O papel da tristeza
Postado em 17 Jul 2017 18 51 Textos Anteriores











As aflições mentais não têm existência  
inerente. Surgem e se sustentam sobre  
conceitos que sobrepomos à realidade  


por JOMAR MORAIS


Não é fácil escrever sobre a importância da tristeza quando os valores correntes nos induzem a exorcizar – e não a compreender - esse sentimento cada vez mais presente na experiência humana. A noção equivocada de que a felicidade é inseparável da euforia – um estado enganoso que não expressa as condições objetivas do corpo e da alma – levou-nos ao esforço insano de evitá-la por todos os meios, mesmo que estes sejam as drogas da indústria farmacêutica, as dos fabricantes de bebidas ou a dos traficantes fora da lei. 

Mas o que dona tristeza tem a nos dizer? Que recado nos traz das zonas profundas do ser, o porão da alma raramente visitado? A sabedoria ancestral e a psicologia advertem-nos de que tapar nossos ouvidos à sua mensagem pode ser uma atitude contra a vida e o crescimento pessoal.

Uma história da tradição judaica, narrada por Nilton Bonder em seu livro “A Arte de Salvar” ajuda-nos a refletir sobre as possibilidades de encarar a tristeza e ter proveito desse encontro:

“Reb Leib de Lantzut era um abastado mercador, também versado na Torá. Aconteceu que ele perdeu sua fortuna do dia para a noite e ficou em estado de miséria. Apesar disso, parecia não estar nem um pouco incomodado e passava seu tempo estudando. Sua mulher perguntou-lhe: 'Como é possível que você não esteja triste ou ansioso?' Reb Leib respondeu: 'Deus me deu uma boa cabeça, que pensa rápido. A preocupação e a tristeza que outros processariam em um ano eu processei em um único momento'”.

Ou seja, Reb Leib não recusou a tristeza, tentando escapar pela porta dos fundos, mas, de pronto, abraçou-a, ouviu-lhe a mensagem e ficou sabendo o que a vida lhe pedia.

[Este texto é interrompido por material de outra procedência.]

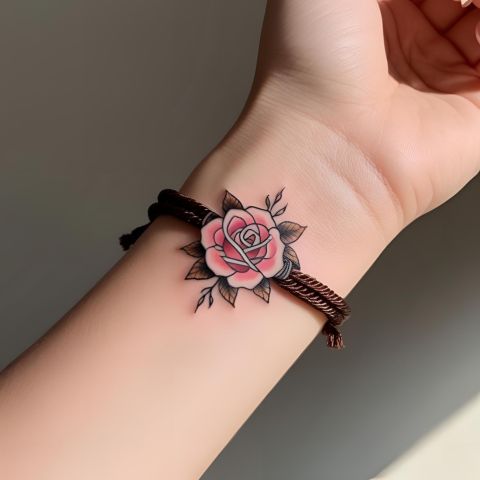 Rope and Rose Tattoo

Do ponto de vista materialista e hedonista da maioria, isso seria transitar na contramão da lógica usual – a do embate contra tudo o que se oponha aos nossos desejos ou aos padrões a que estamos agarrados. “Quem precisa da realidade quando pode se divertir?”, diria Alan Wallace, ex-monge budista que, como Bonder, tem um olhar heterodoxo sobre a tristeza, exposto em seu excelente “Felicidade Genuína – A Meditação como o Caminho para a Realização”. A felicidade, lembra Wallace, só pode ser encontrada se estivermos presentes em nossa vida diária, nunca por meio da distração. “As qualidades de virtude, felicidade e compreensão da realidade como ela é estão profundamente inter-relacionadas”.

A observação da tristeza – e observar é a essência da meditação! – pode nos levar a muitos insights, alterando assim nossa compreensão da vida e o jeito de vivê-la. Ao refinarmos a prática, constataremos enfim que tudo é fluxo, surgindo e desaparecendo a cada momento, numa cadeia de causa e efeito.

As aflições mentais explícitas ou subjacentes, fonte de insatisfação, dor e sofrimento das quais a tristeza é mensageira, não têm existência inerente. Surgem e passam, sustentando-se temporariamente sobre o lastro conceitual que sobrepomos à realidade. 

Entender a natureza desses eventos é o passo fundamental para evitar que eles nos dirijam ou aprisionem.